花崎 ここのところ月一回は必ず飲んでましたよね。月一回一緒に飲む人ってなかなかいないと思うんですけど、どうですか?

田中 そう考えたら珍しいですね。

花崎 田中さんの場合、全国飛び回られていて、お忙しいですしね。

読者の中にはすでにご存知の方もいらっしゃると思いますけど、当社もこの時代の変化に合わせて、まず社内スタッフもスキルをあげていこうということで、今年から本格的に田中さんにいろいろお手伝いいただいているんですよね。

田中 もともとスキル高いですけどね、大和広告のみなさんは。

花崎 そうですか。ありがとうございます。さらにスキルをアップデートしていくというところでお力添えいただければ。

世代的にも同世代ということで、非常に波長があうというか、いろいろご相談もしやすいし、気づきも多いので個人的にお会いしていて楽しいですね。今後もよろしくお願いしたいと思います。

田中 こちらこそ。

花崎 私も秋のイマジナクトセミナーで初めて田中先生のセミナーを受講させていただいて、すごく感銘を受けたし、実際に受講者の評価も満足度5点満点中4.79点で、ウチが今までやってきた中でも特に評価が高かった。

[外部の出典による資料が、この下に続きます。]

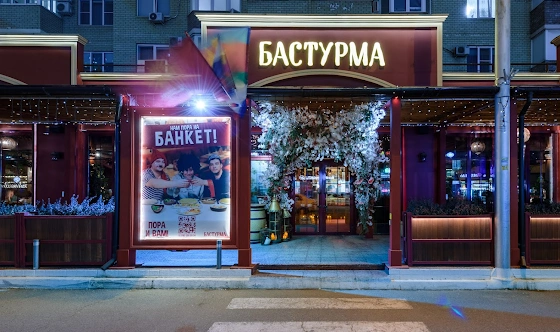 Фото №16 зала Банкетный зал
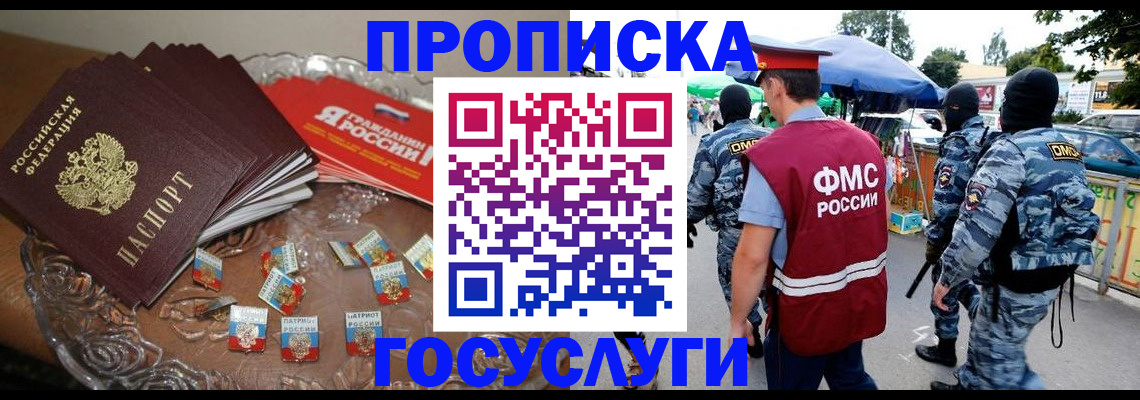 временная регистрация в Астраханской области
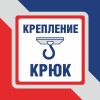 Люстра подвесная с хрусталем 3 ламп Петрасвет производство Россия S1153-3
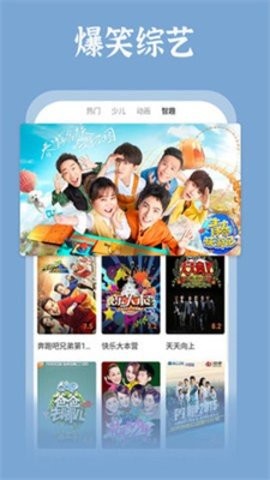 曼巴影视手机版图3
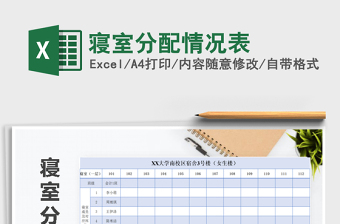 2022如何用excel分寝室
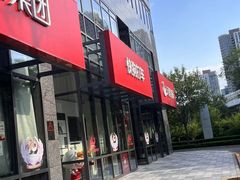 -天鹅到家·保姆月嫂育儿嫂(总店)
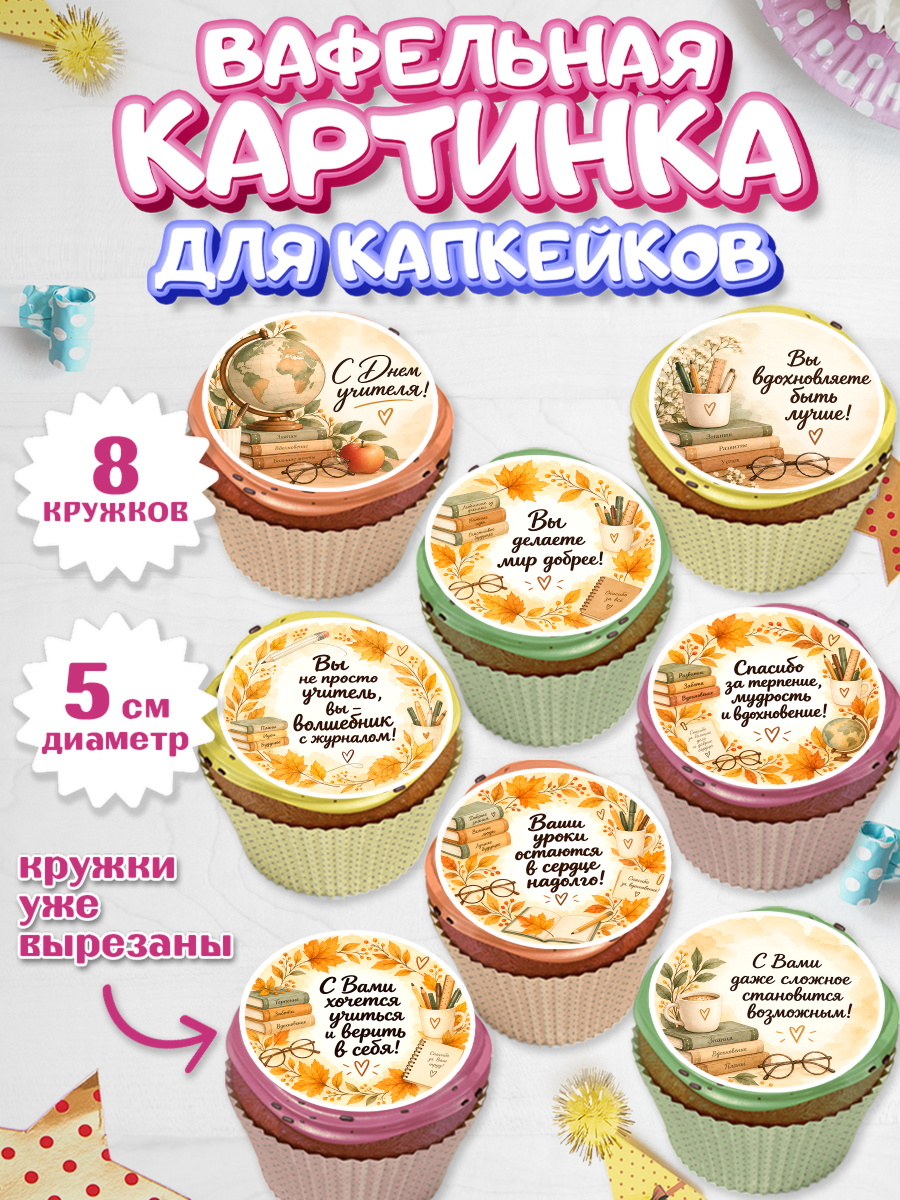 Вафельная картинка для капкейков на торт День Учителя ребёнку Вафельная картинка для капкейков, День Учителя, Мальчик, арт. PT827425_2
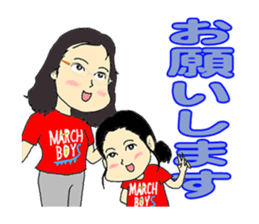 MARCH BOYS 2 sticker #4198523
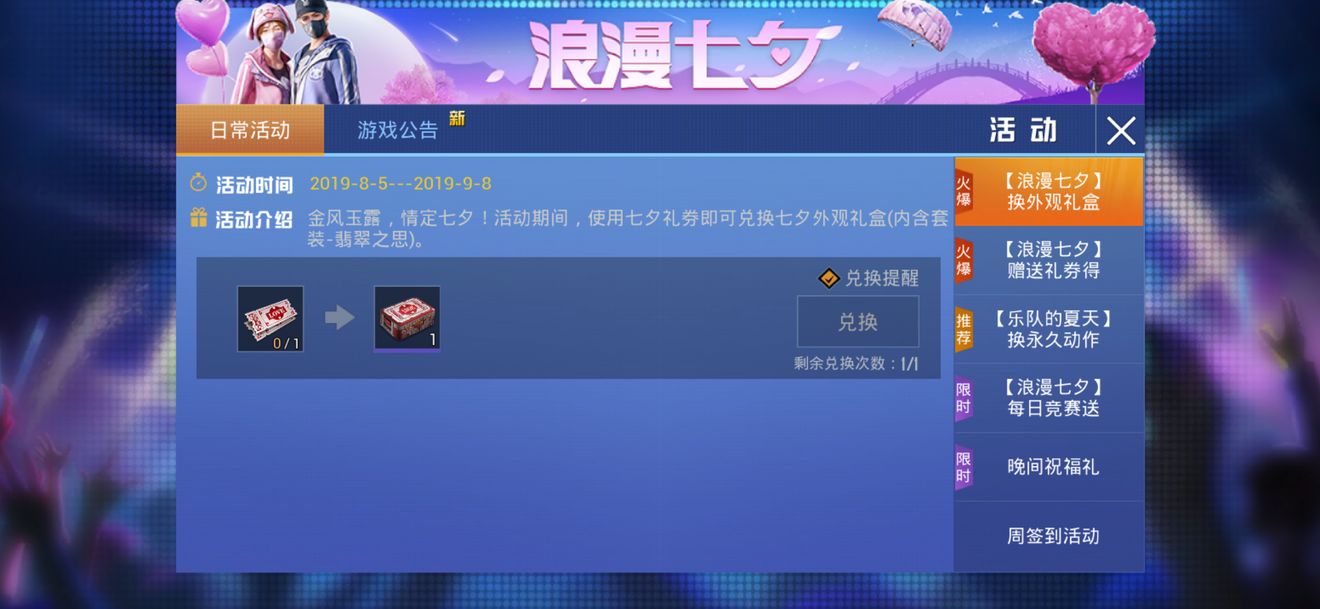 和平精英天空之恋套装怎么得？天空之恋和翡翠之思时装详解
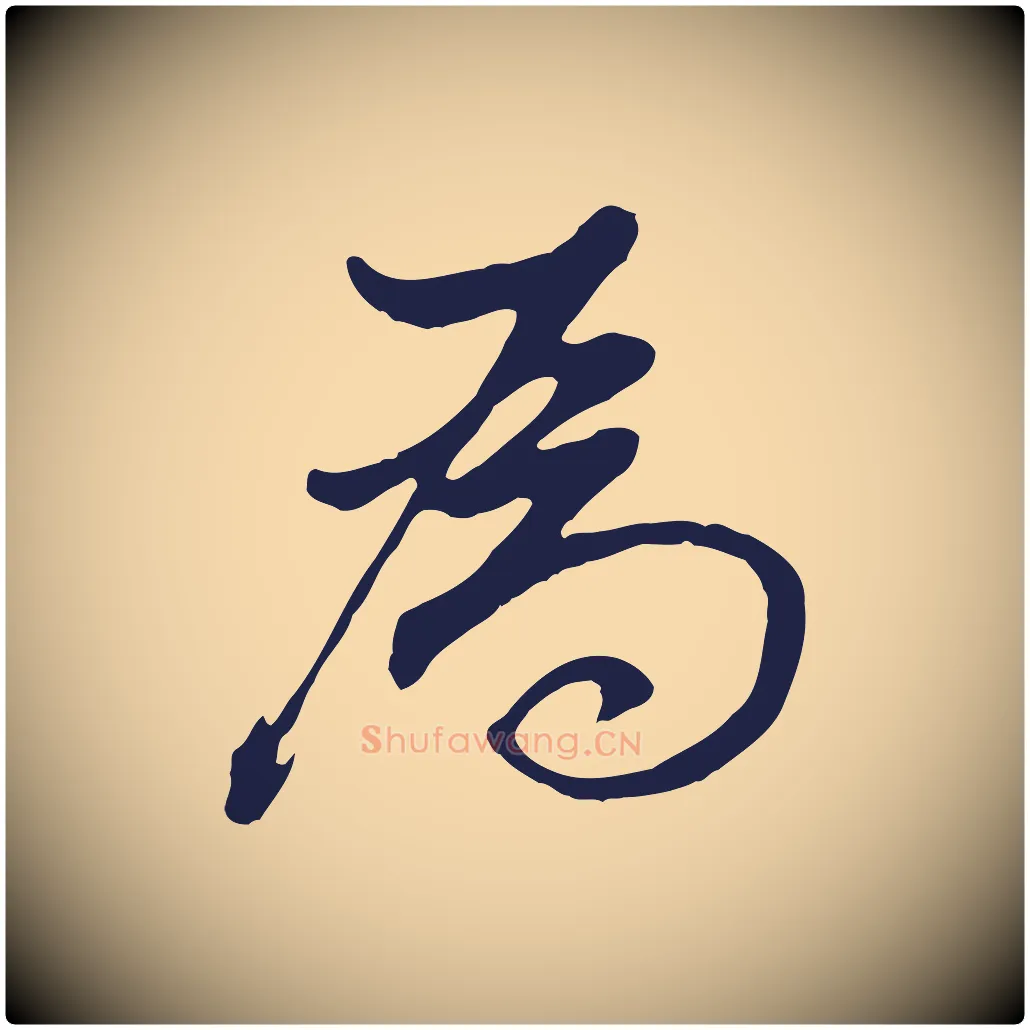為毛笔行书写法,摘自明代董其昌书古人诗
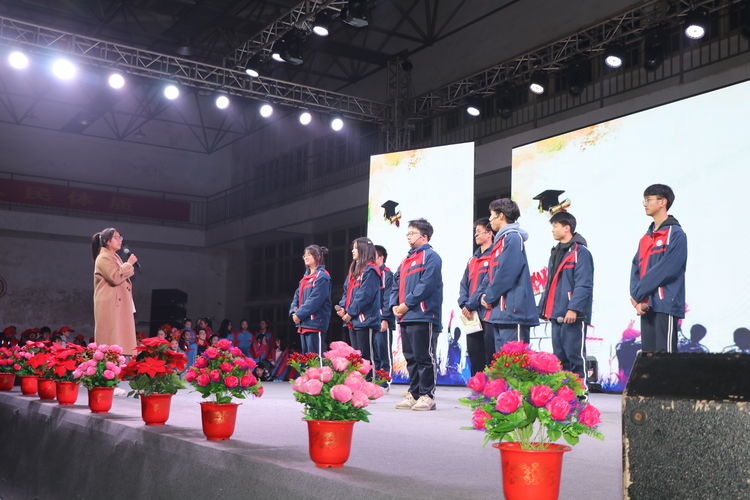 衡南二中庆祝2022年元旦文艺汇演圆满落幕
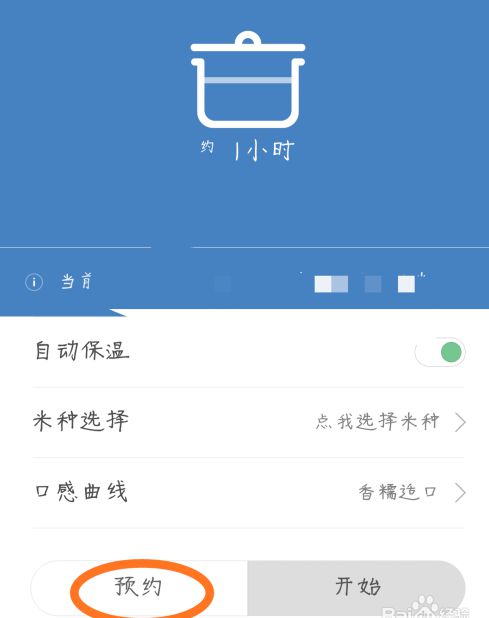 小米电饭煲预约煮饭怎么用_小米电饭煲预约_小米电饭煲怎么预约煮饭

田中さんはこれまで日本郵便を中心にいくつかの仕事を経験しておられると思うんですけど、まずはその辺りを簡単に自己紹介がてらお話しいただければと思います。

田中 僕は職歴としては本当に日本郵便だけなんですよ。日本郵便の配達員から入って、窓口、営業。ちょうどその時に組織の中で営業マンを動かすために仕組みを作る、郵便局の中では計画課と言うんですけど、人を動かすためにどういう準備が必要かっていう、準備段階の仕事をする期間があったんです。人に動いてもらうためにどんなツールが必要か、どんな準備が必要かを考え、実践するという仕事をずいぶん長くさせていただいた結果、今の販促物を作るのに必要な準備や、会った後のフォローアップなど、点ではなくって線・面で考える癖がついたところがありますね。

花崎 なるほど。たしかご自身で営業活動をされていたときは、トップセールスマンみたいな感じだったんですよね。それはその準備の賜物であったと。

田中 準備も大切なんですけど、何よりも打席数を重視していました。準備に時間を取られるくらいなら一件でも多くお客様のところに行くようにしていました。とにかく打席数が多くなかったら、打率がいくら高くても成果は出ないですし。まずは絶対数を上げると。とにかく経験を積む。

花崎 なるほど。その後に率がついてくると。

田中 むしろ打席数を上げると勝手に率も上がってくる感じがありました。

花崎 営業と準備というもの以外に、今携わっておられるダイレクトマーケティングだとか、組織内のモチベーションアップの仕事もされていたんですかね。

田中 前の職場を悪く言うみたいで嫌なんですけど、もともと郵便局員って公務員じゃないですか。公務員っていうのはもともと安定をもとめて入ってきた人ですから、営業に行けといっても、「なんで行かなあかんの?」と。配達とかの仕事は好きであっても、お客様のところに自分から飛び込んで行くっていう使命感みたいなものはあまり持ち合わせていない人種なんですよ。そういう方々に、お客様サービスというものの大切さを説いて、営業の喜びというものを伝えるのは大変でした。苦労しましたね。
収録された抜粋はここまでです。